The four composers also use modernist approaches to “undo” state nationalist intervention in folk music from written sources. This allows them to create a less refined soundscape from the imagined “root” of Chinese culture. Anthologized folk songs published by the Chinese government tend to be metrically regularized and temper the regional flavors with simple, diatonic melodies. To recreate the indigenous flavor, Sheng, for example, distorts the notated rhythm through additive means and introduces embellishing notes to the transcribed melody, often using half steps or large leaps. Newly composed, atonal fragmented gestures used in tandem with folk song quotations also unite the composer’s ethnic sentiments with the nationalist culture. With the amateur music makers in rural communities being embraced as successors of Chinese ethnic cultures, the pitch and rhythm complexity and unpredictability may also be interpreted as imitating the folk practice's imprecise and spontaneous music-making processes.

Therefore, post-tonal gestures and compositional processes are as powerful as the direct quotation of Chinese folk music elements expressing composers’ ethnic heritage deemed lost to modernity. Using such strategies, Chinese American composers depict an imperfect, amateur, rural Chinese image that is perpetuated with its foreignness while being able to be blended into the modern, Western musical space.



Fantasy and Formenlehre in Imperial Japan

Rina Sugawara

University of Chicago

The 1937 manifesto Kokutai no Hongi dictated the modern national mission: “to build up a new Japanese culture by adopting and sublimating Western cultures with our national entity as the basis, and to contribute spontaneously to the advancement of world culture” (Hall, ed. 1949, 183).
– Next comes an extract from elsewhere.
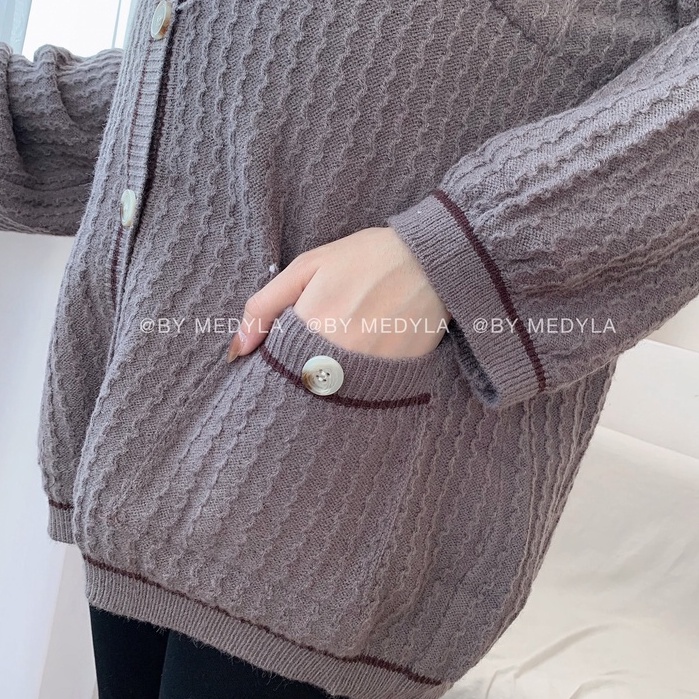 MEDYLA - Áo khoác cadigan chất len mềm mịn dày dặn giữ ấm cho bầu mặc trong và sau sinh - ALK012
Encapsulating the paradoxical joint projects of Japanism and Westernization, the text critiques “abstract thought” as the peril of “Western liberalism” and extols instead, “concrete creation” as a Japanese artistic practice—a distinction also found in musical discourse, which claimed composition in the realm of “creation” [創造/sōzō] rather than the homonymic “imagination” [想像/sōzō]. Curious, then, that a significant fraction of contemporary compositions were fantasy pieces, and that fantasy was theorized as one of three compositional types alongside the sonata and variation. Fantasy, to be clear, indexes a European art music category purporting a freedom of expression and fancifulness of thought that seems antithetical to the warring nation’s increasing regulations over the imagination and its expressions. How, then, did musical fantasy serve the national polity? How was musical fantasy conceived as a musical form in this adoptive phase of Western style composition as a “Japanese” art?

In this paper, I analyze Sōkichi Ozaki’s Phantasie und Fuge (1936) and the theories on fantasy penned by his teacher Saburō Moroi. Examined relative to the Kokutai and Alan Tansman’s theory of “the rhetoric of unspoken fascism,” I argue that musical fantasy upholds an imperial philosophy that similarly distingishes abstract from concrete form. As I demonstrate, Ozaki signals a formal topography using trite tonal conventions, deploying what he calls a “model form.” Form here functions as a fungible organizational and rhetorical device rather than an abstracted order of events, just as the Kokutai emphasizes “formal qualities” like repetition over “such matters as premises, transitions, or conclusions” (Tansman 2009, 152). Noting Moroi’s claim that the “fantasy type” lacks formal expectations, I conclude that musical fantasy becomes justified as concrete creation by appropriating, or sublimating, Germanic Formenlehre. Joining the conversation on German-Japanese musical relations and an anticolonial re-disciplining of comparative music theory, I show how sociocultural values and politics of fantasy inform compositional practice.